Your task: Would you return the listing that follows exactly, leaving its pictures behind?

Given entries:

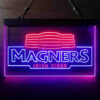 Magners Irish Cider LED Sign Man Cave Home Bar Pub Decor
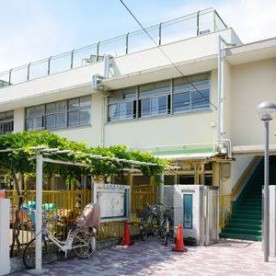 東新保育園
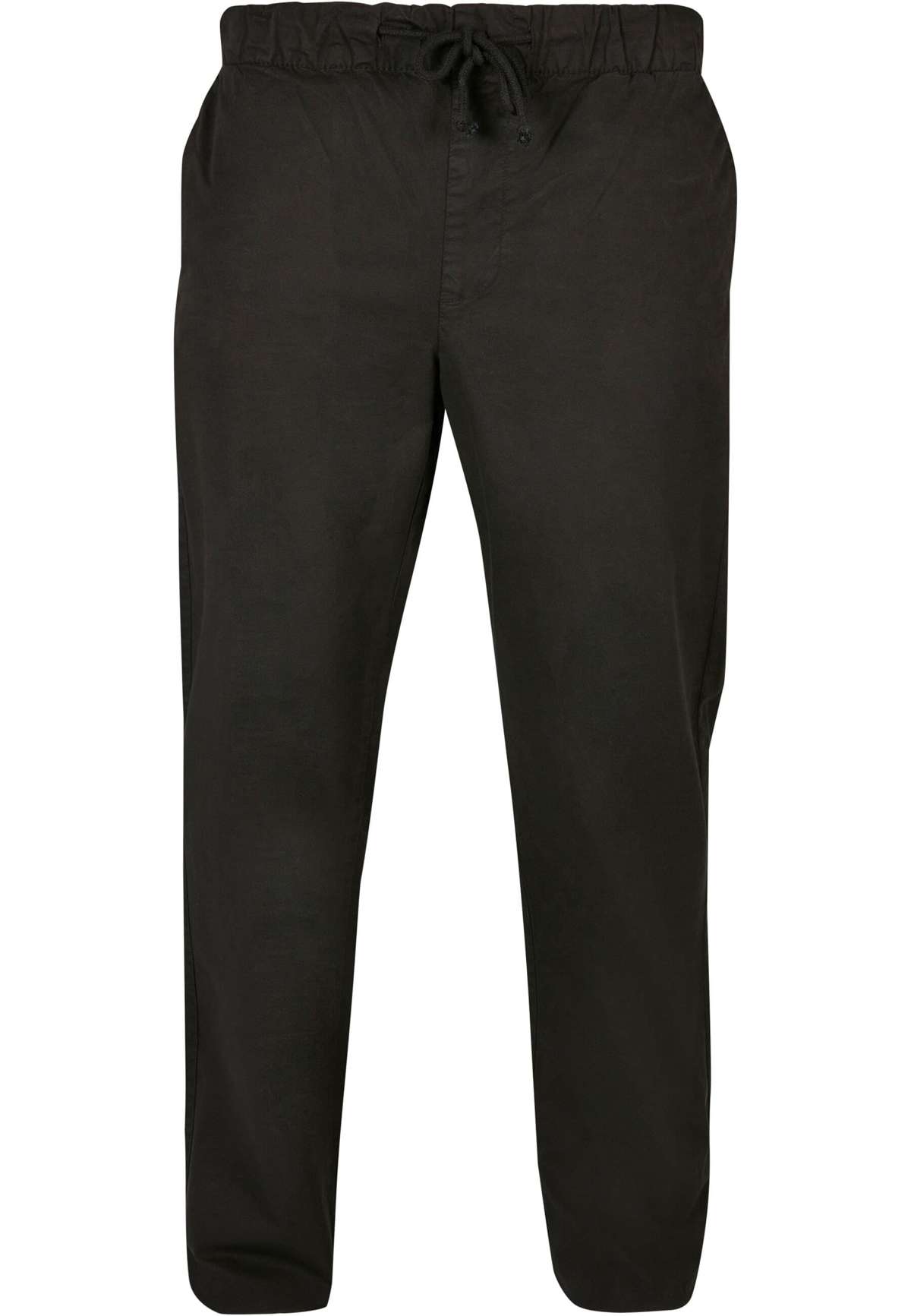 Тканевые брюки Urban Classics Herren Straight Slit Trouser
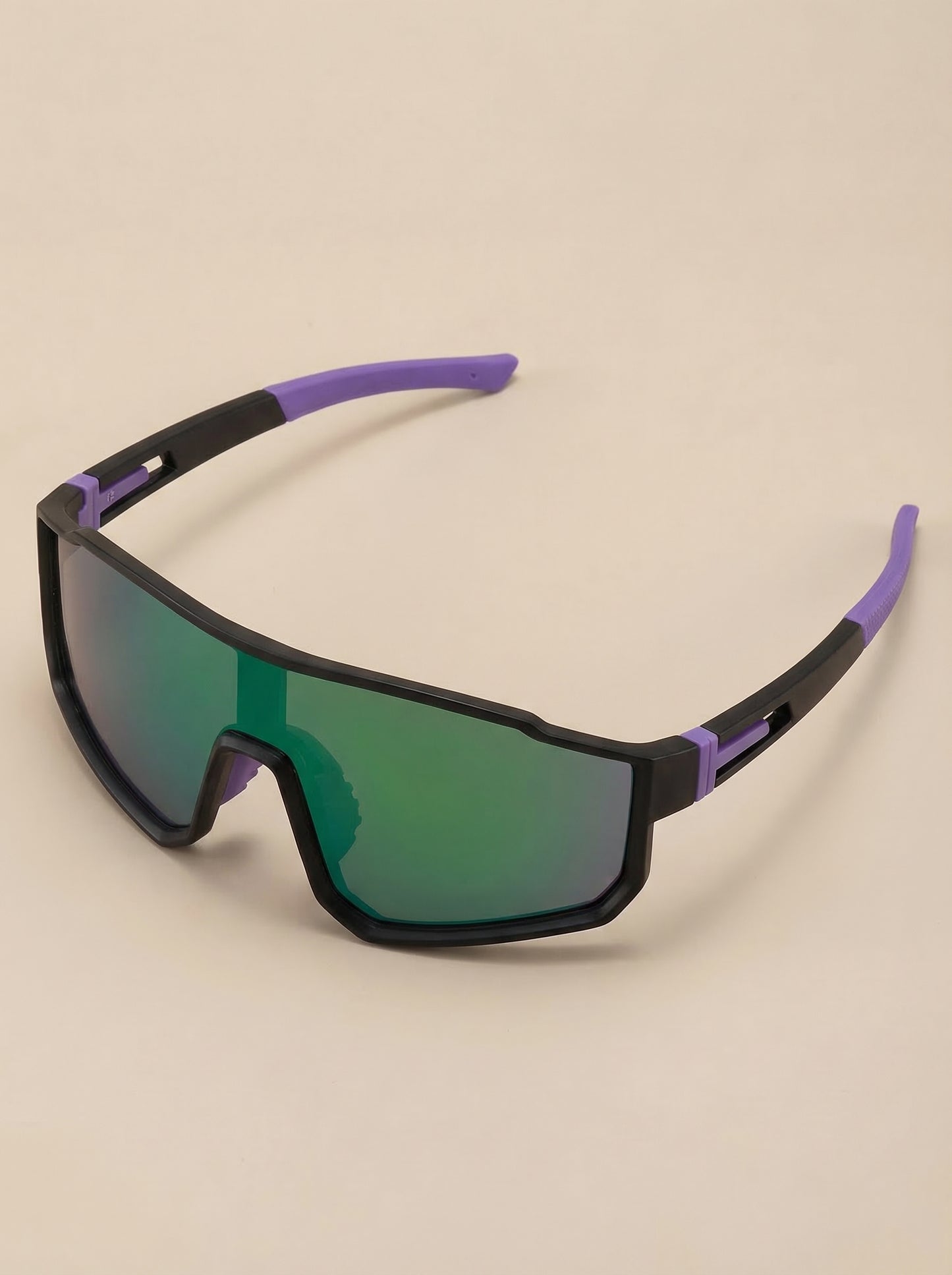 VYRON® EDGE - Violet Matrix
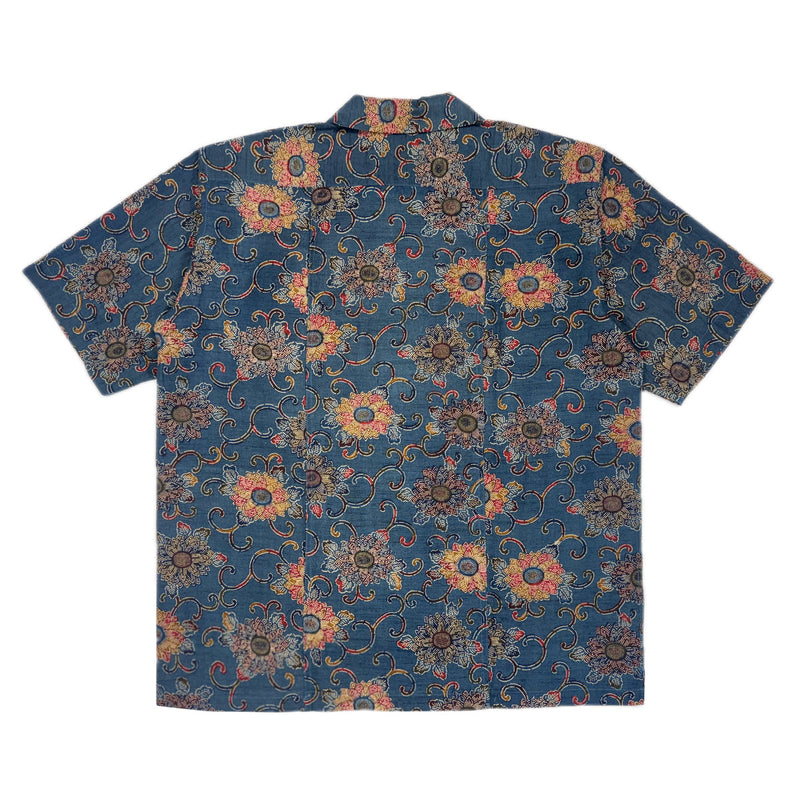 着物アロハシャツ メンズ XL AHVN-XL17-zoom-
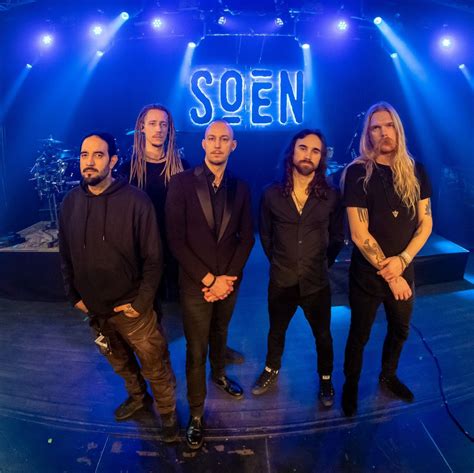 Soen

Task solution:
 Magners Irish Cider LED Sign Man Cave Home Bar Pub Decor
 東新保育園
 Тканевые брюки Urban Classics Herren Straight Slit Trouser
 VYRON® EDGE - Violet Matrix
 着物アロハシャツ メンズ XL AHVN-XL17-zoom-
 Soen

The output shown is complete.